Print exactly the lines from the one that contains "Tête Taureau furieux" through the final line of the entries below, both included, and nothing else; omit the pictures.

________________________

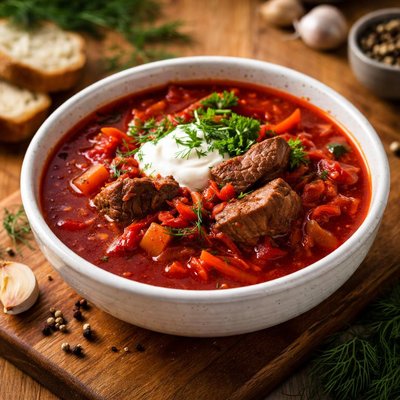 Borscht with meat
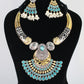 Dual Tone German Silver Temple Necklace with Blue Stones & Earrings – Oxidised Gold & Silver Festival Jewellery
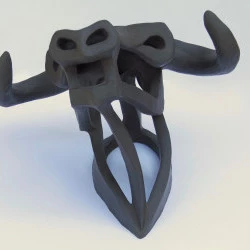 Tête Taureau furieux grande épure - Grès noir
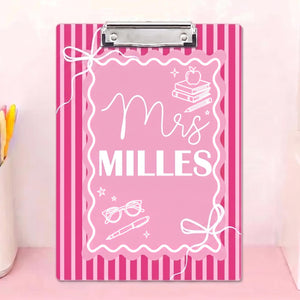Teacher Clipboard with Name Customization Student Desk Organizer Classroom Decor Teacher Appreciation Gift School Office Supplies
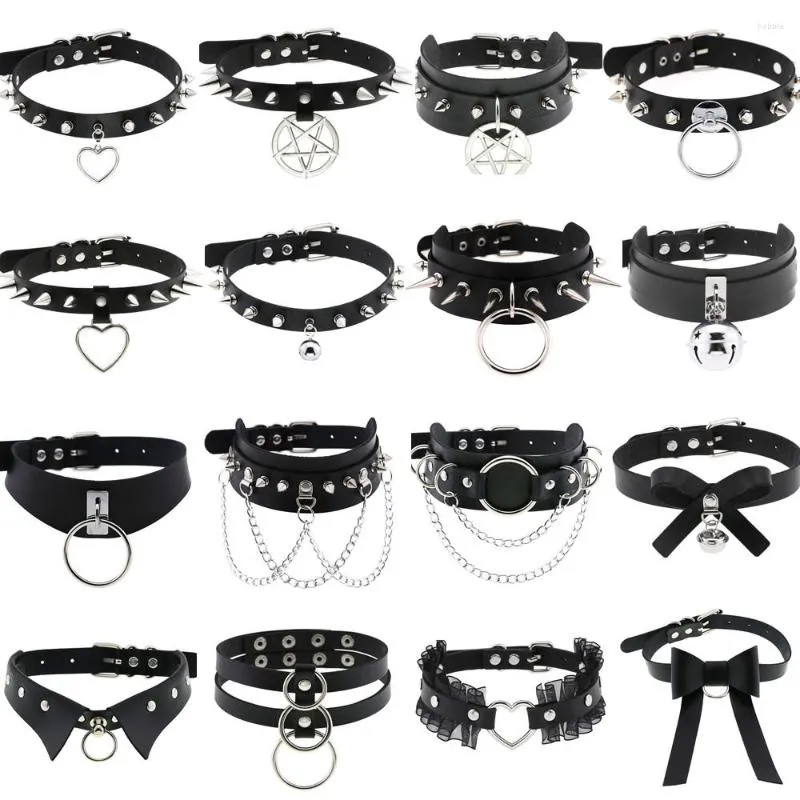 Choker Diezi Hip Hop Heart Star Rivet Circle Ball Tassel Chain Necklace Torques Gothic Pu Leather Women Sexy Smycken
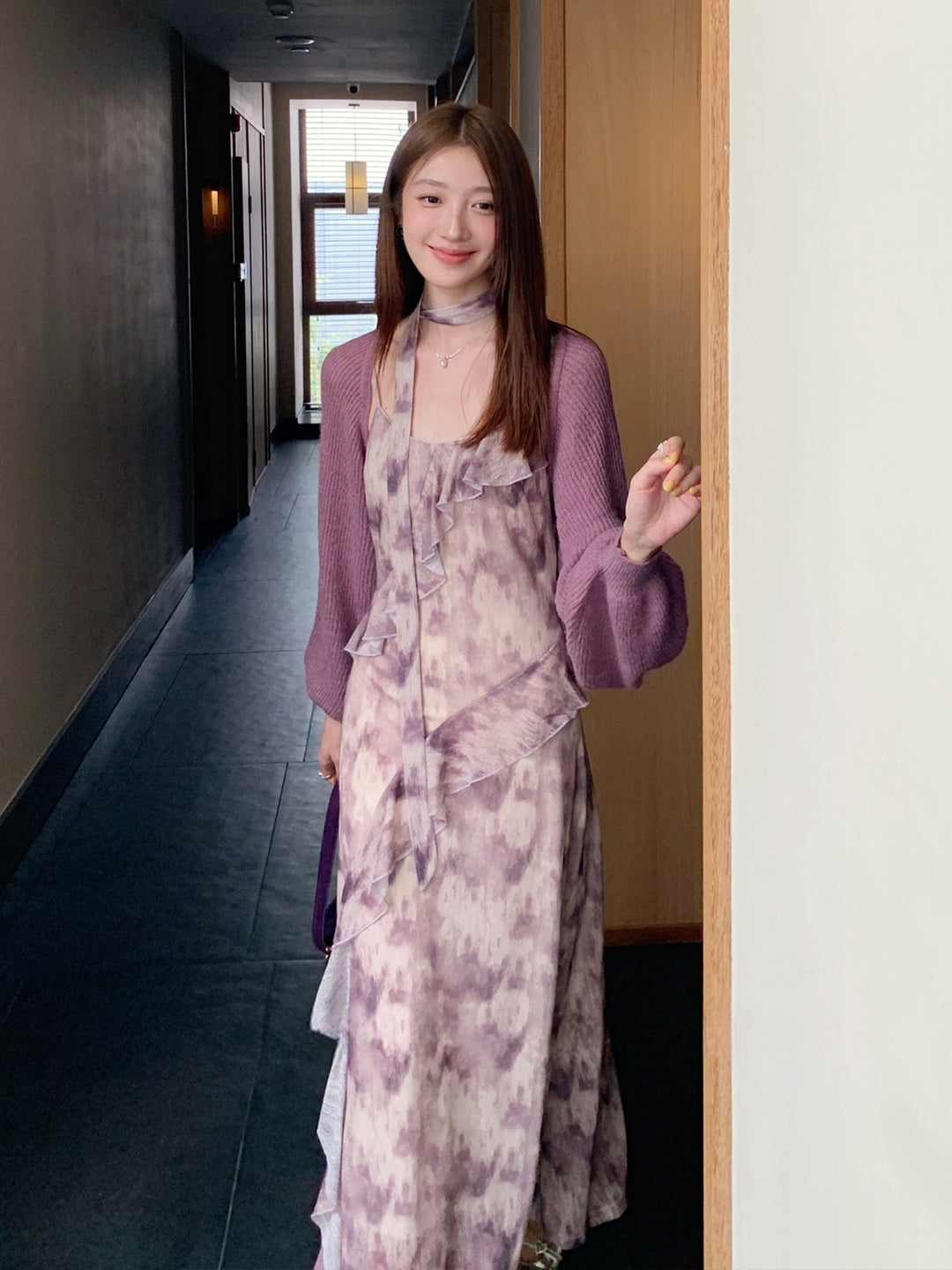 【dress】スカーフ付きロングキャミワンピース Q8999
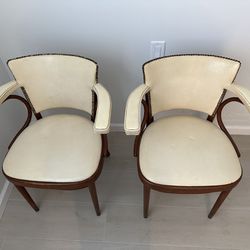 Vintage Pair Thonet Bent Wood Armchairs, Vinyl Upholstery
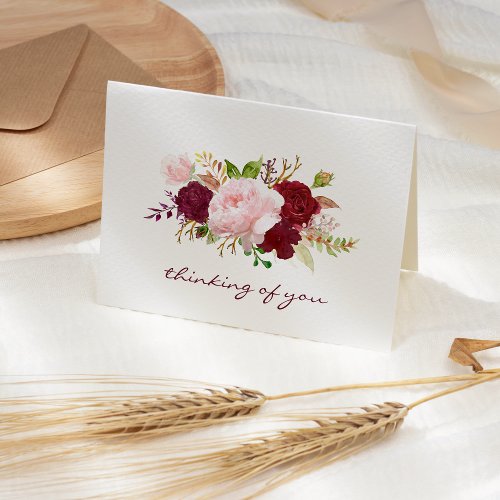 Pink and Marsala Floral Bouquet Sympathy Card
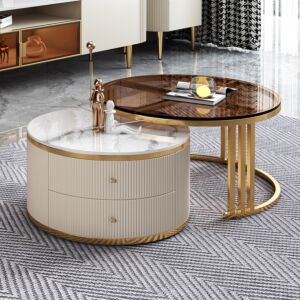 طاولة قهوة رونار خشبية و أرجل ستيل و سطح رخام و زجاج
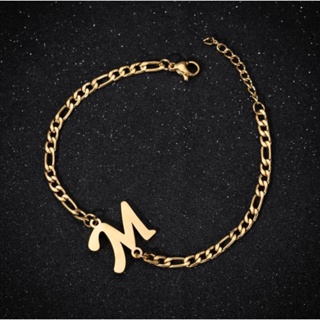 Az Letra Inicial Pulseiras Para Mulheres Aço Inoxidável Alfabeto Charme Pulseira Joias Banhadas A Ouro em Oferta na Shopee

________________________

Task result.
 Tête Taureau furieux grande épure - Grès noir
Teacher Clipboard with Name Customization Student Desk Organizer Classroom Decor Teacher Appreciation Gift School Office Supplies
 Choker Diezi Hip Hop Heart Star Rivet Circle Ball Tassel Chain Necklace Torques Gothic Pu Leather Women Sexy Smycken
 【dress】スカーフ付きロングキャミワンピース Q8999
 Vintage Pair Thonet Bent Wood Armchairs, Vinyl Upholstery
 Pink and Marsala Floral Bouquet Sympathy Card
 طاولة قهوة رونار خشبية و أرجل ستيل و سطح رخام و زجاج
 Az Letra Inicial Pulseiras Para Mulheres Aço Inoxidável Alfabeto Charme Pulseira Joias Banhadas A Ouro em Oferta na Shopee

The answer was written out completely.